Given material:
[Start of section]
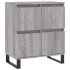 Aparador de madera contrachapada gris Sonoma 60x35x70
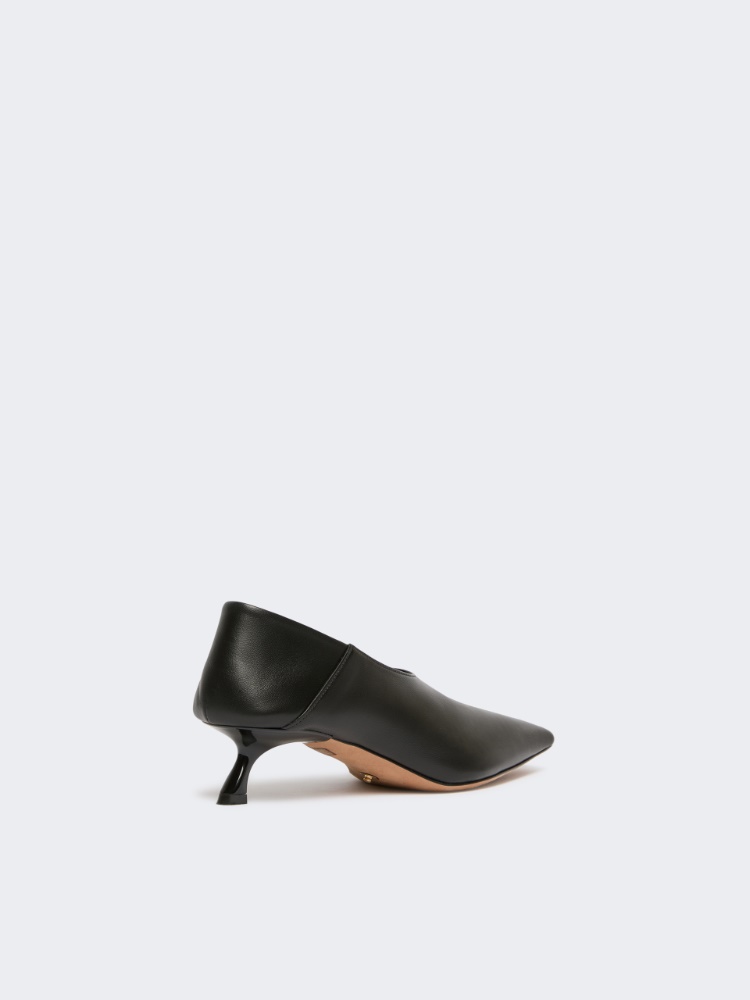 Nappa leather pumps with foldable back - BLACK - Max Mara - 3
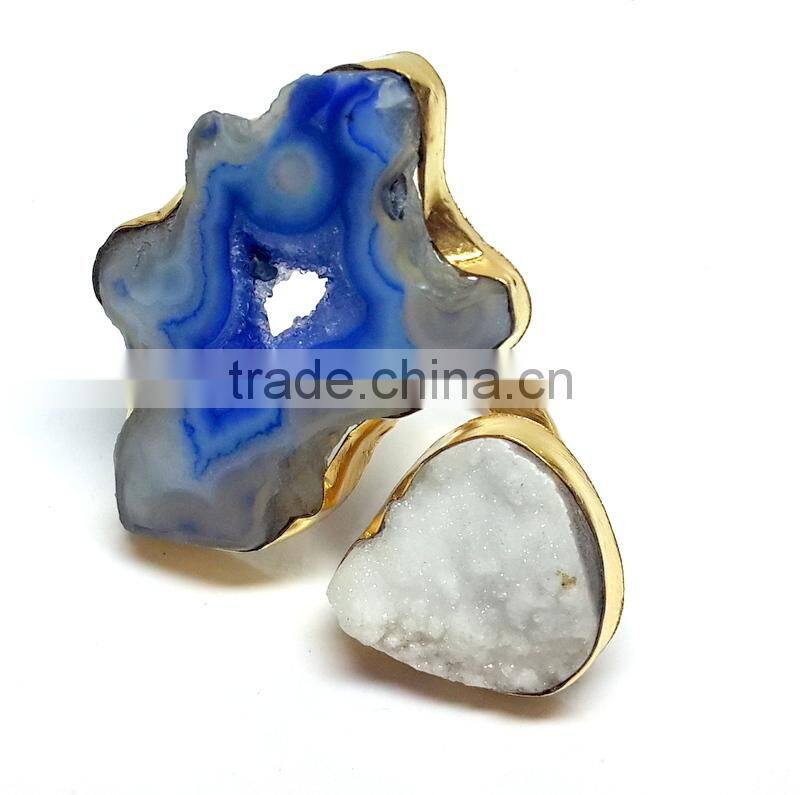 Lapis Druzy Cushion 925 Sterling Silver Bracelet, Designer Druzy Semi Precious Bracelet, 925 Sterling Silver Designer Jewelry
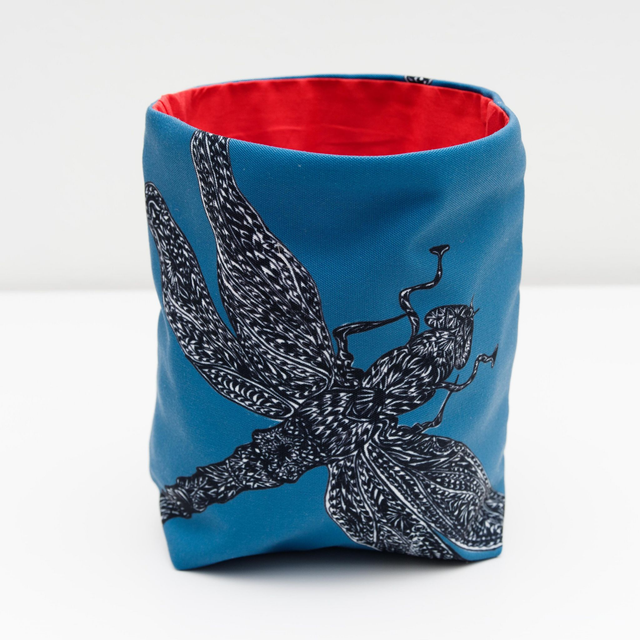 Dragonfly assorted fabric storage baskets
[End of section]
Task requirements:
When you write out the material, reproduce each line exactly and omit any picture it holds.

The answer:
 Aparador de madera contrachapada gris Sonoma 60x35x70
 Nappa leather pumps with foldable back - BLACK - Max Mara - 3
 Lapis Druzy Cushion 925 Sterling Silver Bracelet, Designer Druzy Semi Precious Bracelet, 925 Sterling Silver Designer Jewelry
 Dragonfly assorted fabric storage baskets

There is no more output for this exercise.